Data:
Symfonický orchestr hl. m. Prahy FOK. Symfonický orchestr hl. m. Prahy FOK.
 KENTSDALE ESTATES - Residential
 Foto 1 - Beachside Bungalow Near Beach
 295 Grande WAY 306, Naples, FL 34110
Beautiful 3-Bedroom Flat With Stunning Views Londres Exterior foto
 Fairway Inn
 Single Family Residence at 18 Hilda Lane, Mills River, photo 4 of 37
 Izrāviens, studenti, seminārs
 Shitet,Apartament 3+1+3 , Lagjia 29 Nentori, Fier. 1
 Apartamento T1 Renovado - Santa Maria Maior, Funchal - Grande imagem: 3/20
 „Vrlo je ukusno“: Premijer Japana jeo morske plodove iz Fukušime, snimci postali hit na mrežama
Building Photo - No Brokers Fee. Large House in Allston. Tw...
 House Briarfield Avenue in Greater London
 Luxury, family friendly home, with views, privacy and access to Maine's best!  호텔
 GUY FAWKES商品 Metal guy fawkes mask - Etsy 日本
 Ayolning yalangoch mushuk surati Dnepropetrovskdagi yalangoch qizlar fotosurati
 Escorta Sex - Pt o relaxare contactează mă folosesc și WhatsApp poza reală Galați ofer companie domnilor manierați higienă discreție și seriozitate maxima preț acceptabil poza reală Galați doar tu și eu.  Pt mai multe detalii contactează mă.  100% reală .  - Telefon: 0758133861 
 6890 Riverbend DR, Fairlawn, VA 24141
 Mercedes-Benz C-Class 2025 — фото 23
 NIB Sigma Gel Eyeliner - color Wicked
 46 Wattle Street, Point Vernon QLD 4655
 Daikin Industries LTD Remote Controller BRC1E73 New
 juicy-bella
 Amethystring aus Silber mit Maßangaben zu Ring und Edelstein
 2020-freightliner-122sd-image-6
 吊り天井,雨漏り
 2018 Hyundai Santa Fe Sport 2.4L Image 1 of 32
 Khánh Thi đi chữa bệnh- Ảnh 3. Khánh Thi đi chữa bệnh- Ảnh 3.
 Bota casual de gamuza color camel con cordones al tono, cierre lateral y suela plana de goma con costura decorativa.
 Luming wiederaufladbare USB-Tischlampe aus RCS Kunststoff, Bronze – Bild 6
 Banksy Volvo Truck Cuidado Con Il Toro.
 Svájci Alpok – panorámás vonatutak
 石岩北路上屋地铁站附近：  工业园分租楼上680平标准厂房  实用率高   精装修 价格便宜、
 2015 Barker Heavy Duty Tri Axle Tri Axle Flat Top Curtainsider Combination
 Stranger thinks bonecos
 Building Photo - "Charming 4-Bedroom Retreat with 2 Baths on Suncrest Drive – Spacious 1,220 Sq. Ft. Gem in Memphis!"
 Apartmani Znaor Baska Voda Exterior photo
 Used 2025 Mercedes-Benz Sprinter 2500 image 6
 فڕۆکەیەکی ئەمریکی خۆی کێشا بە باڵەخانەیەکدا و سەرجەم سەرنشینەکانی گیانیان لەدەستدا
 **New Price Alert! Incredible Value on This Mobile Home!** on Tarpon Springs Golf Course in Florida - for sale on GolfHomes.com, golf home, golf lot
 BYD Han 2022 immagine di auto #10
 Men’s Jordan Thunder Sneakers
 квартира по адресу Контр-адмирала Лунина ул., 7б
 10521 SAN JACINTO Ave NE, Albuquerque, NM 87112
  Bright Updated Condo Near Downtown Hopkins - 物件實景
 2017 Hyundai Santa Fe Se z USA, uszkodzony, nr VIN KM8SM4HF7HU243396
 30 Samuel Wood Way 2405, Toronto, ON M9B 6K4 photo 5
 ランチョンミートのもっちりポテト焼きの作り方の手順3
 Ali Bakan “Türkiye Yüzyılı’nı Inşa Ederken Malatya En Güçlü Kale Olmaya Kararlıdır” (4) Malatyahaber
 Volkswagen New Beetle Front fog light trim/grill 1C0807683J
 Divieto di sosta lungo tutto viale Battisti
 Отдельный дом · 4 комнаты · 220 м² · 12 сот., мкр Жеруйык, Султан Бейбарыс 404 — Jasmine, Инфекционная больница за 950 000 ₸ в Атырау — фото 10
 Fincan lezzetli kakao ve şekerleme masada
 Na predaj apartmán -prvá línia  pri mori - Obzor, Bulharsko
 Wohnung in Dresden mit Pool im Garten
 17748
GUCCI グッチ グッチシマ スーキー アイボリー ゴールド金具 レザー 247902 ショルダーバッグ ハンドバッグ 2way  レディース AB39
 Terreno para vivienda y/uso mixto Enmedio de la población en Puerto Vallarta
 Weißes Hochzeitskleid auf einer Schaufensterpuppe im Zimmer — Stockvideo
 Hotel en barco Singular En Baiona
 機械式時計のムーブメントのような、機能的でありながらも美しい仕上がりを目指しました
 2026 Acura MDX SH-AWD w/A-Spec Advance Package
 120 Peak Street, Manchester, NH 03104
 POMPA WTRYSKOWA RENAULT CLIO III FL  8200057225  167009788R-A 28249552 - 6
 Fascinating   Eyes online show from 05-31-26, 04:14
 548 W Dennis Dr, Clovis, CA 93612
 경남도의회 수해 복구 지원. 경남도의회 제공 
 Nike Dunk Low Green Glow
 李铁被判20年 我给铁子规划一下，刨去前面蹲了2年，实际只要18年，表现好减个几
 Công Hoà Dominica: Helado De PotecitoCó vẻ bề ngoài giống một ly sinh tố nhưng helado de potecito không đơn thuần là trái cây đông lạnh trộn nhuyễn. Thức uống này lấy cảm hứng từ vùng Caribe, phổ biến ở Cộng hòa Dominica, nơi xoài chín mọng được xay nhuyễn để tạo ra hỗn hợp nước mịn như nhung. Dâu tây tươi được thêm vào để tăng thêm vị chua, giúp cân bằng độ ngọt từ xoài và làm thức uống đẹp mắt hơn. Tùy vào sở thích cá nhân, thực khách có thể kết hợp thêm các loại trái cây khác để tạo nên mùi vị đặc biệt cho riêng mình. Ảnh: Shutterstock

Directions for this task: From the records above, transcribe exactly the run of lines that opens with the line holding "Daikin Industries LTD" and closes with the line holding "Yüzyılı’nı Inşa Ederken", both included.

Response to the task:
 Daikin Industries LTD Remote Controller BRC1E73 New
 juicy-bella
 Amethystring aus Silber mit Maßangaben zu Ring und Edelstein
 2020-freightliner-122sd-image-6
 吊り天井,雨漏り
 2018 Hyundai Santa Fe Sport 2.4L Image 1 of 32
 Khánh Thi đi chữa bệnh- Ảnh 3. Khánh Thi đi chữa bệnh- Ảnh 3.
 Bota casual de gamuza color camel con cordones al tono, cierre lateral y suela plana de goma con costura decorativa.
 Luming wiederaufladbare USB-Tischlampe aus RCS Kunststoff, Bronze – Bild 6
 Banksy Volvo Truck Cuidado Con Il Toro.
 Svájci Alpok – panorámás vonatutak
 石岩北路上屋地铁站附近：  工业园分租楼上680平标准厂房  实用率高   精装修 价格便宜、
 2015 Barker Heavy Duty Tri Axle Tri Axle Flat Top Curtainsider Combination
 Stranger thinks bonecos
 Building Photo - "Charming 4-Bedroom Retreat with 2 Baths on Suncrest Drive – Spacious 1,220 Sq. Ft. Gem in Memphis!"
 Apartmani Znaor Baska Voda Exterior photo
 Used 2025 Mercedes-Benz Sprinter 2500 image 6
 فڕۆکەیەکی ئەمریکی خۆی کێشا بە باڵەخانەیەکدا و سەرجەم سەرنشینەکانی گیانیان لەدەستدا
 **New Price Alert! Incredible Value on This Mobile Home!** on Tarpon Springs Golf Course in Florida - for sale on GolfHomes.com, golf home, golf lot
 BYD Han 2022 immagine di auto #10
 Men’s Jordan Thunder Sneakers
 квартира по адресу Контр-адмирала Лунина ул., 7б
 10521 SAN JACINTO Ave NE, Albuquerque, NM 87112
  Bright Updated Condo Near Downtown Hopkins - 物件實景
 2017 Hyundai Santa Fe Se z USA, uszkodzony, nr VIN KM8SM4HF7HU243396
 30 Samuel Wood Way 2405, Toronto, ON M9B 6K4 photo 5
 ランチョンミートのもっちりポテト焼きの作り方の手順3
 Ali Bakan “Türkiye Yüzyılı’nı Inşa Ederken Malatya En Güçlü Kale Olmaya Kararlıdır” (4) Malatyahaber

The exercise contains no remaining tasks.